Our planet doesn’t have rings. Neither do any of the other planets. Saturn is strange. It shows the vastness of the universe, even in our solar system. Even in the nearness of our orbit. It has the debris of crushed planets and infinite, infinitesimal dust born billions of years ago, coalescing elliptically and spinning endlessly without any concern for our pettiness. It is, and it isn’t, in a shudderingly inhuman way.
Yeah, but goddamn, we have a satellite there right now, for about seven more minutes. It is traveling, the broadcaster tells me, at 75,000 miles an hour “breathlessly toward the end of mission.” What an achievement! What an impossible accomplishment.
And think of it. In six minutes it will transmit its last messages. Those will take less than an hour to transverse our solar system, far more distance than any human has ever experienced. They’ll run through the cold empty spaces, giving us its last gasp of knowledge, sending us information even after it burns and dies so far away from everyone who has ever cared about it.
Two minutes now.
It is plunging. “The spacecraft is losing the battle with the atmosphere.” It’s being pulled into its final throes. 30 seconds. It is about to be turned briefly into fire, and then nothingness.
“Signal from the spacecraft is gone, and in the next 30 seconds, so will be the spacecraft…I’m going to call this end of mission.”
And so it is over.
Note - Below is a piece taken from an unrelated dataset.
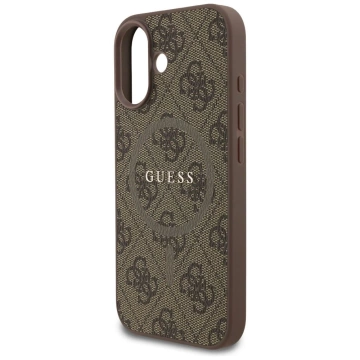 Etui Guess 4G Ring Classic Logo MagSafe do iPhone 17 brązowe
The spacecraft is gone, even as its last lonely messages shoot across the 746 million miles that separate our worlds at their closest. Those 746 million miles that make the difference between our literature and nothingness, between everything you’ve ever known and the deadness of eternity. Between your memories and a planet that doesn’t care, doesn’t recognize, and doesn’t know anything you’ve ever felt.
But isn’t that exciting? In the smallness of our lives people sent a satellite to Saturn, looked at the seas of Titans, the gullies of an alien moon, the watery plumes from the south pole of Encedalus. We’ve learned more about the universe in the briefest candle of our time here than anyone in humanity’s short history.
So maybe there is hope. We’re short-minded and stupid and do dumb stuff all the time, and we seem to be rushing toward catastrophe. Maybe in a billion years the life that might yet develop on Encedalus will send a probe toward earth, or whatever name they’ll give it, plucked from their own shoaled mythologies, and maybe discover in the wreckage that there was once a civilization here.
Maybe they’ll see that we had weapons of fierce and terrifying power, and that we had covered our lands in plastic, and that we choked the seas. And maybe they’ll see that we built structures that touched the sky. Maybe they’ll see that we couldn’t sustain this wild gift we stumbled upon. But maybe they’ll see something else.
Maybe they’ll find a buried record of what humans accomplished even as we rushed toward our own end. Maybe they’ll see that brilliant, dedicated people created a small bleeping hero that touched their home somewhere in the distance of time, in the past that seemed dead to them. And they’ll understand that their place in the infinity of space is as small as ours, but also understand that, in a real sense, it is all-encompassing. It is all they have, and all they’ll ever have. And maybe that will change them.
Maybe we’ll briefly meet, ghosts across time, a fading signal rushing bravely through the darkness.
Maybe, this isn’t the end.
The mission is a metaphor for our own lives. Set on our course through the same vast universe, we seek to learn and record our experience, and flame out at the end of our lives. Cassini would not have had cause to question whether any of it had been worthwhile or meaningful. The metaphor isn’t perfect. But it seems to me as if we reached a finger out to touch the stars – something very human about this machine that fell to its end today.